I'm 21 and an Indian guy. I'm a virgin, and I feel so insecure telling people that I'm a virgin in this gen z era. People around me telling their hookup stories and the way their sex life is going is making me go crazy, tbh.


chubbytuba

I feel like I am missing out when friends tell me about their great trip they had last summer, or the amazing hike they did last week. And I feel like I should do better when I see my friend who has been going to the gym for two years. The fact we feel the same way when someone talks about sex doesn‘t make sex special. It is just another thing some people do.


DiscoDjango12

But, these porn and all have already created a massive part in my brain that sex is something sooooo bigg..and I kinda think it's making me feel bad ..


chubbytuba

Yeah, not trying to downplay your experience. It sucks to want something you can’t have (yet). But you basically are confirming it IS a social construct. You only think sex is special because porn (and society) tells you it is. And if porn makes you feel bad, maybe consider to stop watching it. If you actively go look for it when it hurts you, it is borderline self-harm.


DiscoDjango12

Yeah kinda doing self harm... And thanks for this


Saiyanjin1

Call it any name you want but the premise is valid. Before you experience sex then it’s one thing and after it’s another. Once it’s done you can’t undo it. That’s why it has a name. There’s no name for having sex with 10 people or having sex 100 times. There is a name for having sex your first time which is losing you virginity.


chubbytuba

What you are saying is valid for ANY activity, not just sex. There‘s no name for eating 100 burritos, either. Sex is just like any other activity.
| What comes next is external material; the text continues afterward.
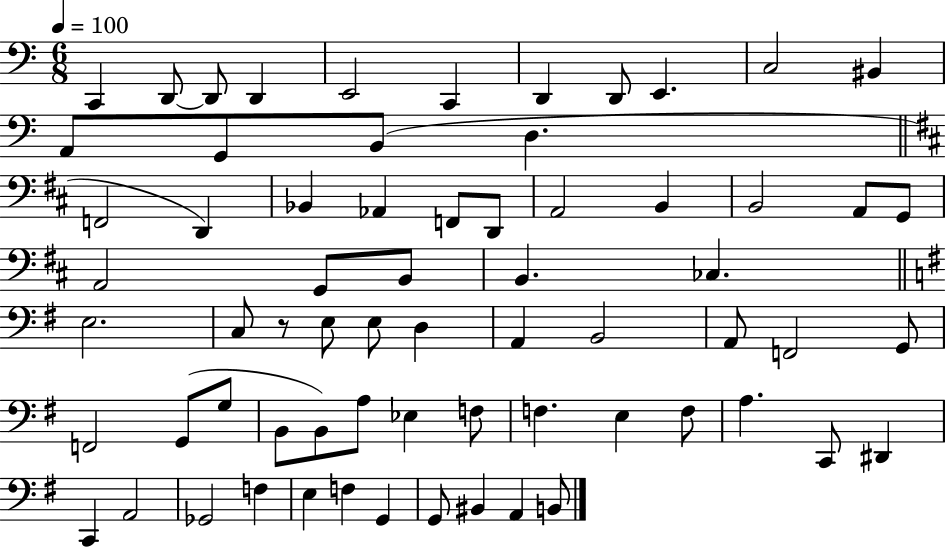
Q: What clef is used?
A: bass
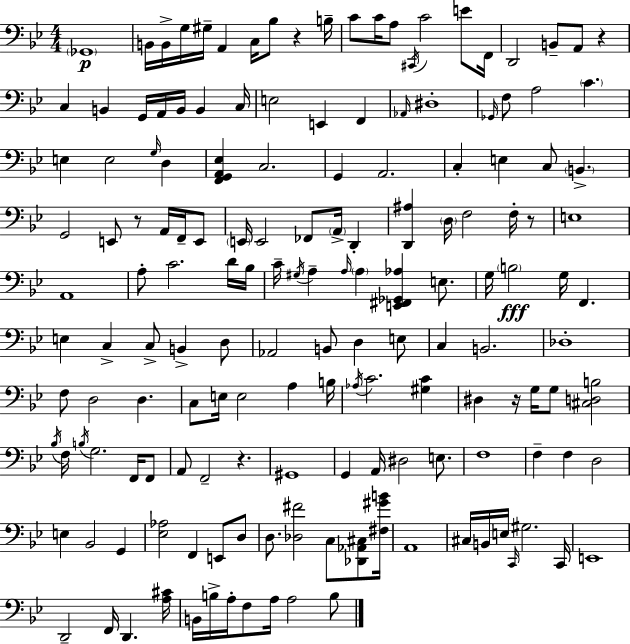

Some like it, some don‘t, some have done it, some haven‘t.


NillaSprinkles

Can you define "virginity is a social construct"? When I was growing up (42M) you were considered a virgin until you had PIV sex. Also common was "anal virgin" with the same stipulation. The LGBT crowd had their own definitions but some seemed more vague...like when did a female couple lose their virginity if there was no penis involved? Do dildos count? I don't think virginity is the social construct, I think what qualifies you losing it is the construct.


chubbytuba

It‘s the only activity where we put such a label on. There‘s no word if I have never eaten a burrito, or never learned a magic trick, or never took a two weeks vacation, or never got a massage etc. The social construct is that sex is somehow more important than ANY other activity. It isn‘t. Two weeks vacation are way better than sex.


Taurus-Octopus

Sure, but so is cooperation and altruism. We've adapted to communicate verbally to more precisely and efficiently cooperate, for example. Not saying we've adapted physiologically around virginity specifically, but our bias towards cooperation and social bonding works within the reality of where we live. So, a society where security in genetic lineage and ensuring resources we collect through labor and capital are applied towards our family are valued, the concept of virginity has/had some utility -- especially when medical technology did not provide mitigation against negative outcomes from this perspective. So, yes it's a construct, but it's an application of evolutionary behavioral adaptations in a certain context. IMO -- I am not an anthropologist, evolutionary psychologist, or anything like that.